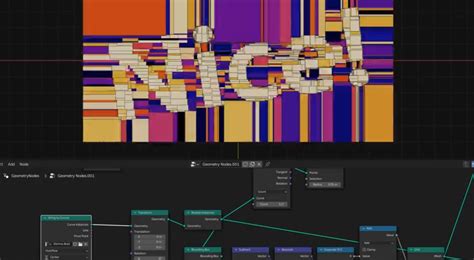 Geometry Nodes Showcase 的图像结果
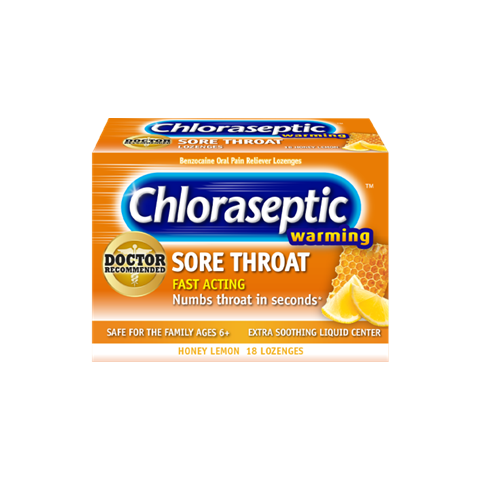 Chloraseptic Sore Throat 15 Lozenges Honey Lemon Flavor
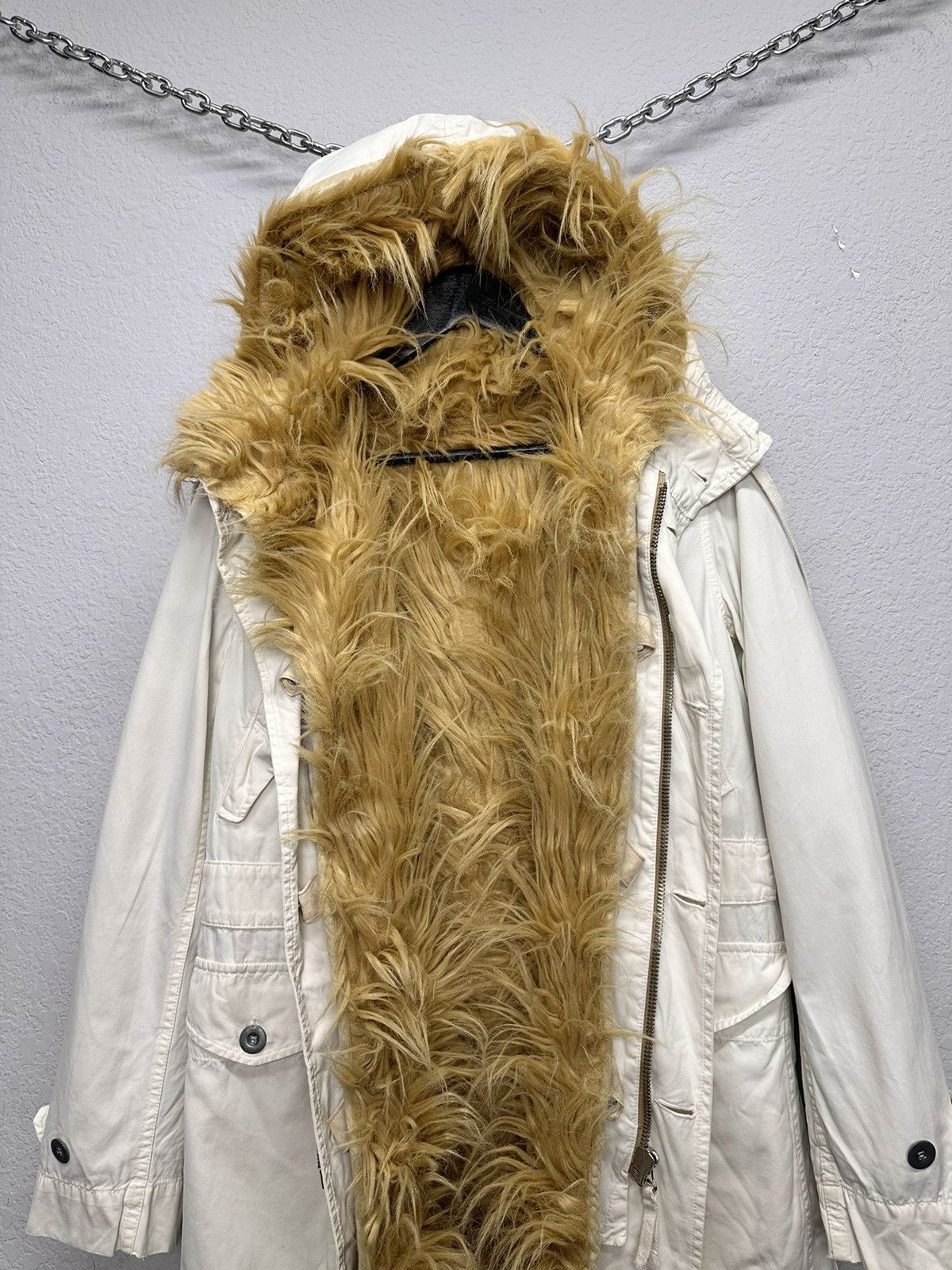 If Six Was Nine Japan Ifsixwasnine Fur Goa Tornado Mart Jacket Isay Miyake Size US M / EU 48-50 / 2 - 5 Thumbnail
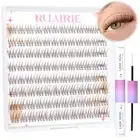 Brown Wispy Lash Extension Kit 96pcs DIY Cluster Lashes C/D Curl Ruairie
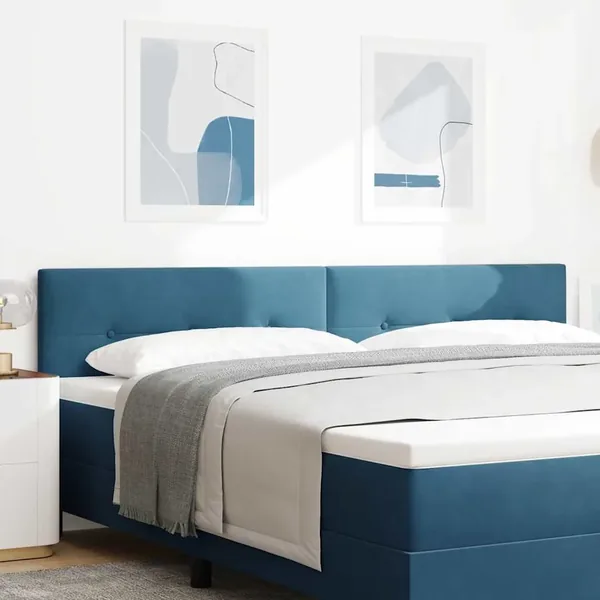 Tête de lit Bleu foncé 200 cm Velours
= = = = = = =
TASK DETAILS » Return all of the data exactly as written, and drop the pictures.

RESULT OF THE TASK »
 Geometry Nodes Showcase 的图像结果
 Chloraseptic Sore Throat 15 Lozenges Honey Lemon Flavor
 If Six Was Nine Japan Ifsixwasnine Fur Goa Tornado Mart Jacket Isay Miyake Size US M / EU 48-50 / 2 - 5 Thumbnail
 Brown Wispy Lash Extension Kit 96pcs DIY Cluster Lashes C/D Curl Ruairie
 Tête de lit Bleu foncé 200 cm Velours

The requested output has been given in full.